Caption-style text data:
════
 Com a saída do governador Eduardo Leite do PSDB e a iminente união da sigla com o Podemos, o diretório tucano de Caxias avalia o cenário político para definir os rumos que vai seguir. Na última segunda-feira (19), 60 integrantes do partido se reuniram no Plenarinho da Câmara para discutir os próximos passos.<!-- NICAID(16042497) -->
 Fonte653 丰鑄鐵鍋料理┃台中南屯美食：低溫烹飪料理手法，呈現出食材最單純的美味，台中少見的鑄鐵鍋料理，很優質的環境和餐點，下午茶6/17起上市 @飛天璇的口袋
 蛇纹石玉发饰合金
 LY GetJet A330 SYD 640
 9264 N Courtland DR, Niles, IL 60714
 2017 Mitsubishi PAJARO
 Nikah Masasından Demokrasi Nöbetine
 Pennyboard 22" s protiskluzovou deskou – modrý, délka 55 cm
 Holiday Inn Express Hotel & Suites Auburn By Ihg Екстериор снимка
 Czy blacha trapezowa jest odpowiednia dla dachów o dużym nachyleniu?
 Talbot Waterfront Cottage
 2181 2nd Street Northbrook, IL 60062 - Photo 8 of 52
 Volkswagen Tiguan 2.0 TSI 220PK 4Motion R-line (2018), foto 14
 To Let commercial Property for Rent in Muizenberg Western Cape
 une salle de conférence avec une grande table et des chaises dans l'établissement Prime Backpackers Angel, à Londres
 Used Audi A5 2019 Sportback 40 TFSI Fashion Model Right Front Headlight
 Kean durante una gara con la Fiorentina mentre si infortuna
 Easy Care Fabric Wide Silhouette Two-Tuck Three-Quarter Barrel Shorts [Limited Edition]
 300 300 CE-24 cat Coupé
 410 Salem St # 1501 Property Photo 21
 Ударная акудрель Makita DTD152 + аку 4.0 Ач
════
* _Problem to work on_
Set every line down again exactly. Begin with the first line of the entries and finish with the line containing "To Let commercial".

* _Result of this task_
 Com a saída do governador Eduardo Leite do PSDB e a iminente união da sigla com o Podemos, o diretório tucano de Caxias avalia o cenário político para definir os rumos que vai seguir. Na última segunda-feira (19), 60 integrantes do partido se reuniram no Plenarinho da Câmara para discutir os próximos passos.<!-- NICAID(16042497) -->
 Fonte653 丰鑄鐵鍋料理┃台中南屯美食：低溫烹飪料理手法，呈現出食材最單純的美味，台中少見的鑄鐵鍋料理，很優質的環境和餐點，下午茶6/17起上市 @飛天璇的口袋
 蛇纹石玉发饰合金
 LY GetJet A330 SYD 640
 9264 N Courtland DR, Niles, IL 60714
 2017 Mitsubishi PAJARO
 Nikah Masasından Demokrasi Nöbetine
 Pennyboard 22" s protiskluzovou deskou – modrý, délka 55 cm
 Holiday Inn Express Hotel & Suites Auburn By Ihg Екстериор снимка
 Czy blacha trapezowa jest odpowiednia dla dachów o dużym nachyleniu?
 Talbot Waterfront Cottage
 2181 2nd Street Northbrook, IL 60062 - Photo 8 of 52
 Volkswagen Tiguan 2.0 TSI 220PK 4Motion R-line (2018), foto 14
 To Let commercial Property for Rent in Muizenberg Western Cape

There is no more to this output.